Was he waiting for an answer? There was no answer. Fritz produced a pair of shiny garden shears, snipped the rose off the stem and stuck it in the lapel of his old tweed jacket. “I know you understand,” he said. “You're a smart boy.”

Boy?

Fritz was gone, and the rose-smell gone too. Happy looked up at the sky. He almost lost himself in the sight. Then he began to see a suitcase tumbling through it. He felt cold and wanted to go back inside. He waited for someone to take him.

10

Krio, dreadlocks swinging in the candlelight, sang in his soft baritone and strummed his sun-bleached guitar. He was sitting on a bar stool, shirtless, barefoot, but still wearing his apron. Moxie stood behind the bar, holding up a pretzel and trying to get Chick to talk. “Say ‘son of a bitch,' Chick. Say ‘son of a bitch.'” Chick stared straight ahead and said nothing. Matthias sat at a corner table, sorting through piles of charge slips and entering figures in a ledger. All the guests—the main house was full, as were all the cottages except 6, which had the toilet problem again, and 8, where the cockroach incident had taken place—had gone to bed.

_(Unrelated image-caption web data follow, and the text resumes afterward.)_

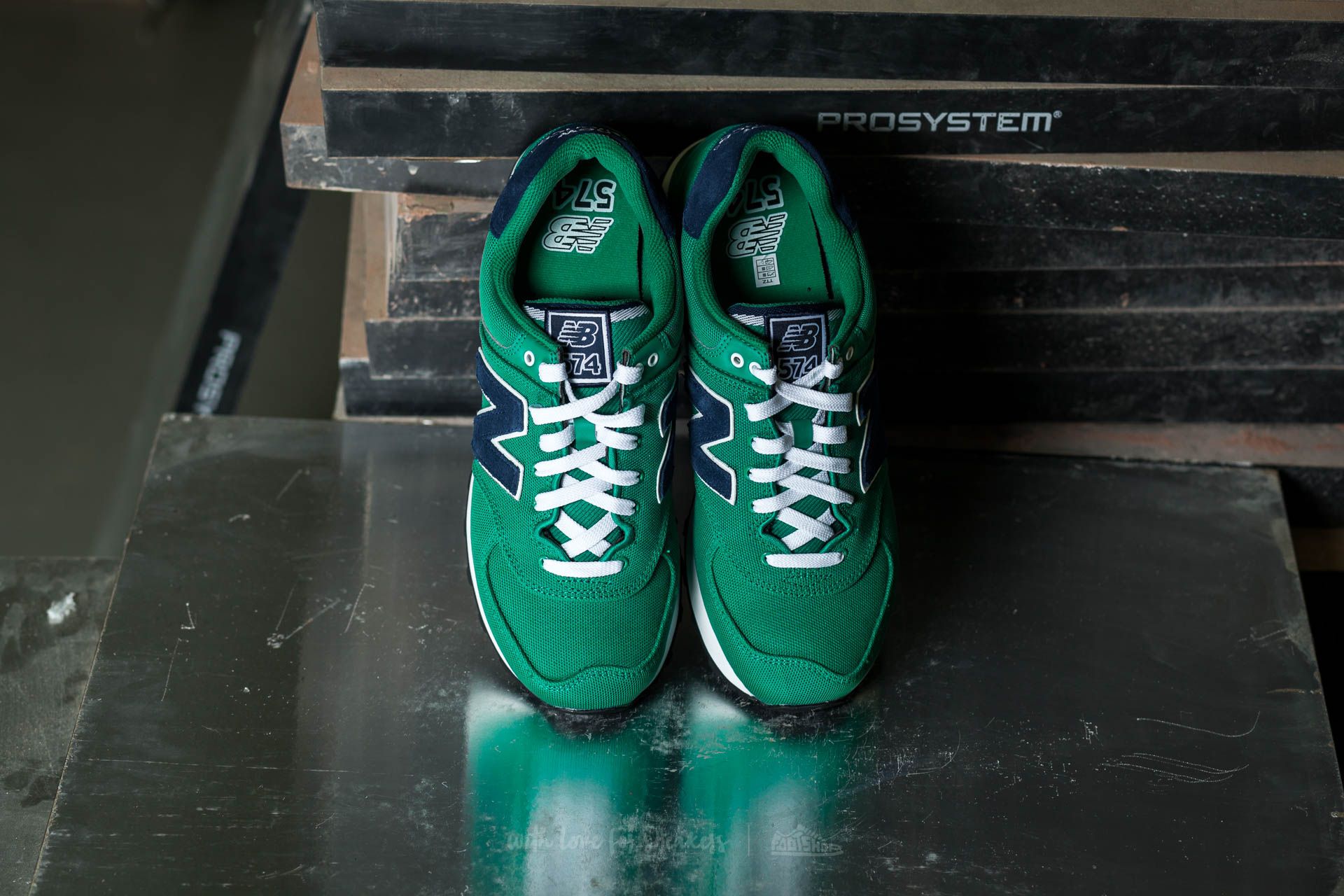 Pánské tenisky a boty New Balance ML574POG Green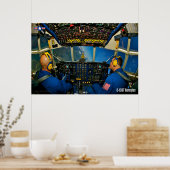 C-130T HERCULES COCKPIT POSTER (Küche)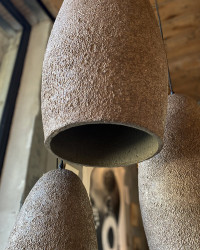 Recycled papier-mâché Divala pendant lamp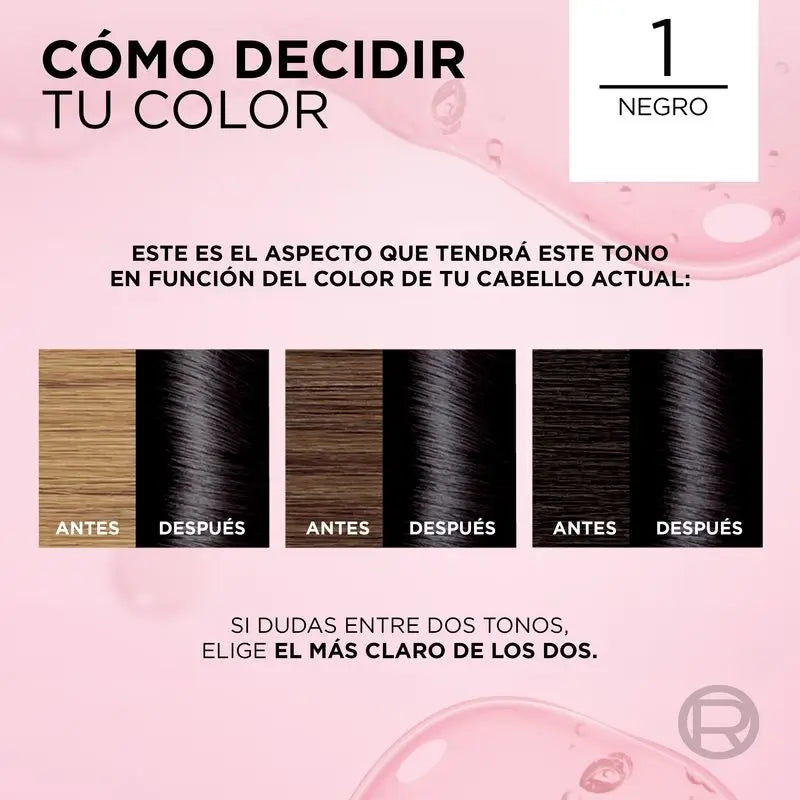 L'Oréal Paris Excellence Creme Coloração Permanente - Tom 1 Preto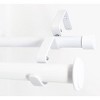 Urbanest Bouton Manhattan 1 inch 3-4 inch Double Drapery Curtain Window Rod Set - 2 of 4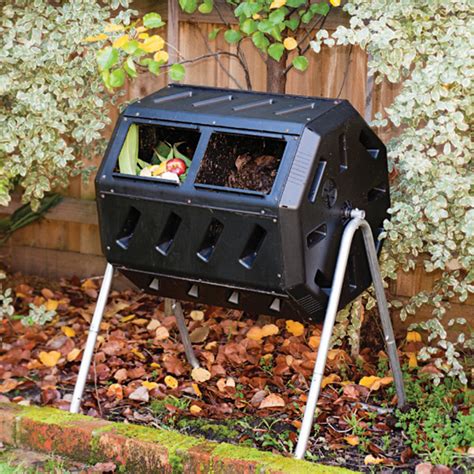 Rotating Composter Compost Barrel For The Home Home Decorator Shop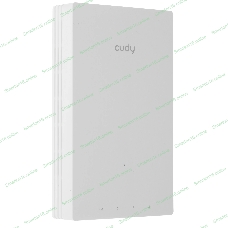 Точка доступа Wi-Fi Cudy AX3000 Gigabit Wall-Plate Wi-Fi 6 Access Point AX3000 Dual Band Wi-Fi 6 Wall Plate Access Point, Chipset MT7981+MT7531AE+MT7976CN, 802.11ax/ac/a/b/g/n, 2402Mbps at 5GHz + 574Mbps at 2.4GHz, 1 x Gigabit PoE-IN Port, 802.3af/at, 4 x Gigabit RJ45 ports, LAN1 support PoE Out, Cudy Mesh Support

“Power be comin' on?” Moxie said.

Krio stopped playing. “It always do,” he said. He struck a match and lit a fat joint. The joint moved back and forth across the bar, passed from one brown hand to another. It was offered to Matthias. He shook his head: he didn't want the numbers to start swimming across the page.

“Pressure,” sang Maxie, off-key.

“Oh pressure,” sang Krio, drawing out the last note. Then it was quiet, except for the sea, stirring restlessly on its bed.

“Say ‘son of a bitch,' Chick,” Moxie said. Chick did not respond.

Matthias held up a salt-stained slip. “What did the Lorings do today?”

“Loring?” said Moxie.

“The couple in Two.”

“She the one who puked in the pool last night?” Krio asked.

“No,” said Matthias. “The one whose husband sent the wine back.”

“Oh yeah,” said Moxie. “I took them to the Joulter reef.” A smile tugged at the corners of his mouth. He suppressed it.

“What's so funny?” Matthias said.

The smile, liberated, spread across Moxie's face. “First ting, I give the warning. You know—I be pointing to the fire coral, waving no no.”

“And?”

“The man he dive down, break off a piece and stick it in his pants.”

Krio laughed, shooting a smoke ball into the air. The lights flickered and came on.

“Son of a bitch,” said Chick, flapping his green wings.

“Power,” said Moxie, popping the pretzel in Chick's beak.

“To the people,” Krio said, leaning across the bar to blow out the candle.

Matthias totaled the dive charges for the day. The barge,
Two Drink Minimum
, had taken twelve divers to the coral heads off the Bluff. 12 × $40 = $480. Moxie had taken the Lorings in
Who Cares
to the reefs off the Joulter Cays, with picnic lunch. 2 × $75 = $150 + $25 = $175. The two divers from the Baltimore Dive Club, in Cottage 4, had taken four tanks and
So What
to the drop-off. 2 × $50 = $100 + $150 (for the boat) = $250. Matthias charged them $175. He liked having good divers at the club.